Starbase city administrator Kent Myers framed the shift plainly during discussions leading to the vote. “There is a lot of assets here with the operations of SpaceX,” he said. “Those assets need to be protected, and so the police department will play a critical part in protecting those assets.” To build the new force from the ground up, the city has engaged Vision Quest Solutions, a security consulting firm, to guide recruitment, training, and setup.
Starbase itself is a product of SpaceX’s aggressive expansion in Boca Chica. What began as a collection of launch pads and test stands has evolved into a small, incorporated city, formally recognized in 2025, with a population of a few hundred, almost entirely SpaceX employees, contractors, and their families. The area remains geographically cut off: Brownsville sits about 10 miles away as the crow flies, but the drive often takes 45 minutes or more due to rural roads and security checkpoints. Before incorporation, security relied heavily on private SpaceX guards supplemented by off-duty sheriff’s deputies to deter trespassers and manage the occasional incident around high-profile rocket tests.

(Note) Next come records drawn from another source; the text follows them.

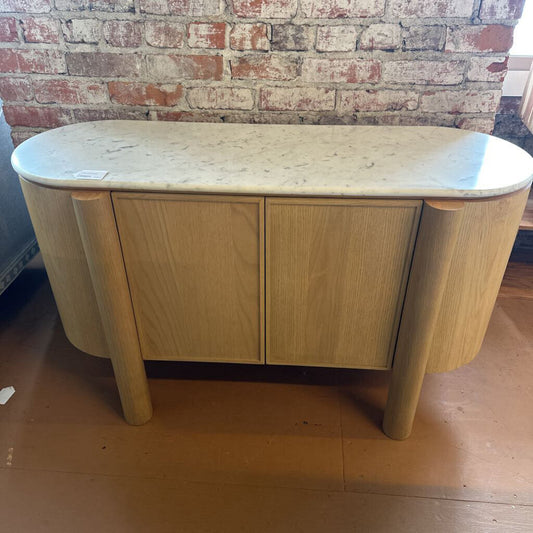 Wooden sideboard with marble top against a brick wall.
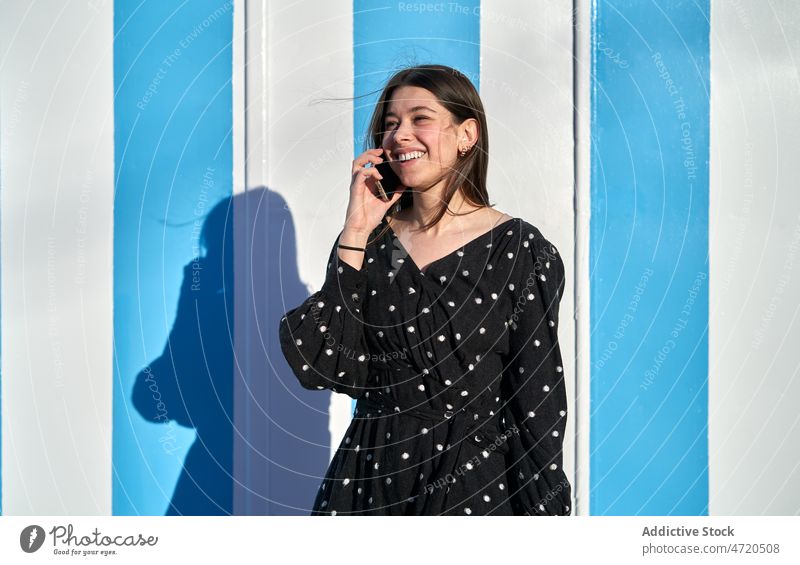 Lächelnde Frau in der Nähe einer mehrfarbigen Wand reden Telefon Smartphone Mobile Straße Stil feminin Mode Outfit Freizeit Bekleidung heiter Sommer jung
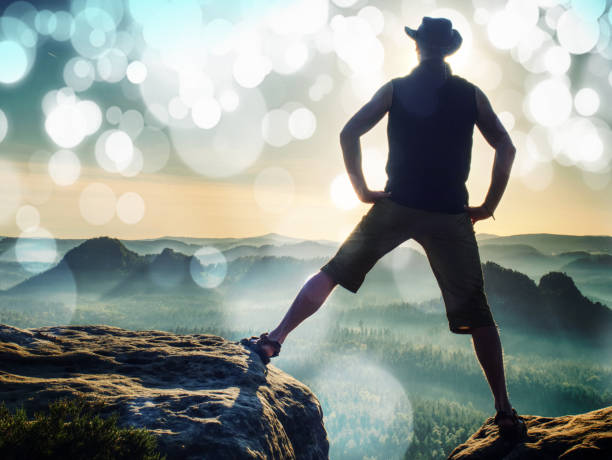 istock Lone figure watches the sunset from sharp rock looking down 1201410172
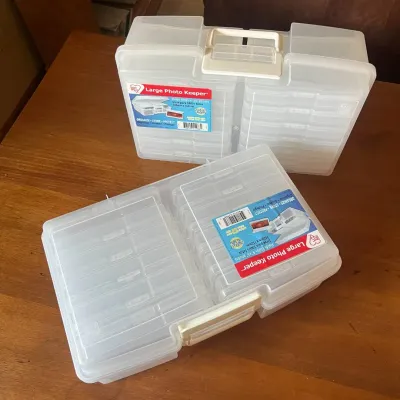 Sale Photo Thumbnail #307: This large photo keeper is designed to securely store and organize a wide variety of photos and small items. Made from durable transparent plastic, it allows easy visibility of contents without opening. The keeper features multiple removable storage compa
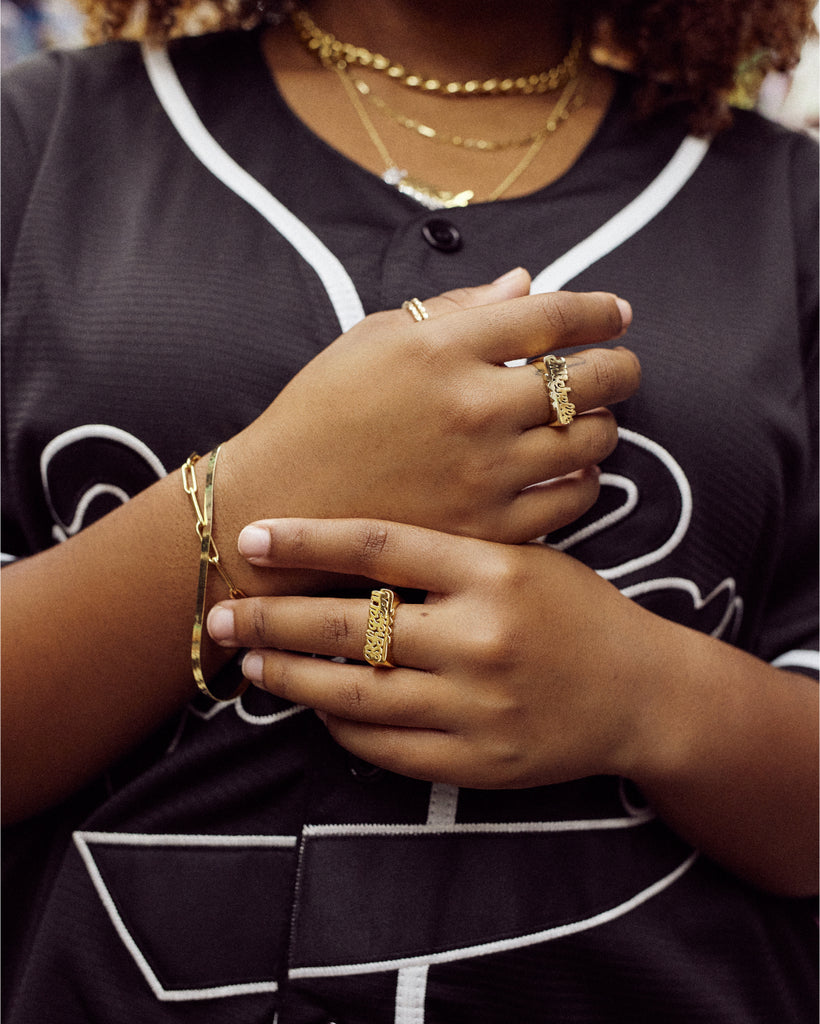  A closeup of a woman's hands and wrists in front of her chest, showcasing her Nunchi rings, bracelets, and necklaces.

This police department joins a growing list of public services the young city has brought in-house. Last October, Starbase created its own volunteer fire department, appointed a fire marshal, and assumed building inspections and permitting authority, moves that reduce dependence on county and state agencies and give the city more direct control over development tied to SpaceX’s operations.
The broader context is hard to ignore. Starbase isn’t just a residential neighbourhood; it’s ground zero for one of the most ambitious, and scrutinized, private space programs on Earth. Starship prototypes tower over the landscape, test explosions light up the night sky, and the site draws global attention from aerospace watchers, environmental groups, journalists, and the occasional curious visitor. A dedicated municipal police force offers a more tailored response to threats against critical infrastructure, whether that means safeguarding rocket hardware, managing access during launches, or handling any spillover from the high-stakes work happening there.
No direct comment from SpaceX or Musk appeared in connection with the announcement, and local reporting has not highlighted widespread community opposition, though the town’s small size and tight integration with the company mean resident sentiment largely aligns with corporate priorities. Still, the development raises familiar questions about company towns in the modern era: how much autonomy is too much when a single employer dominates economic and civic life?
For now, the practical driver is clear. In a place where billions of dollars in hardware and intellectual property sit exposed in a remote corner of Texas, relying on stretched county resources has proven inadequate. Bringing policing in-house is less about dystopian control fantasies and more about operational necessity in a company town that’s outgrowing its makeshift governance.
If TCOLE signs off quickly, Starbase could soon have its own badge-wearing officers patrolling the perimeter of what Musk has called humanity’s path to becoming multi-planetary. Whether that force becomes a quiet utility or a symbol of deeper corporate sovereignty will depend on how it’s wielded in the months and years ahead.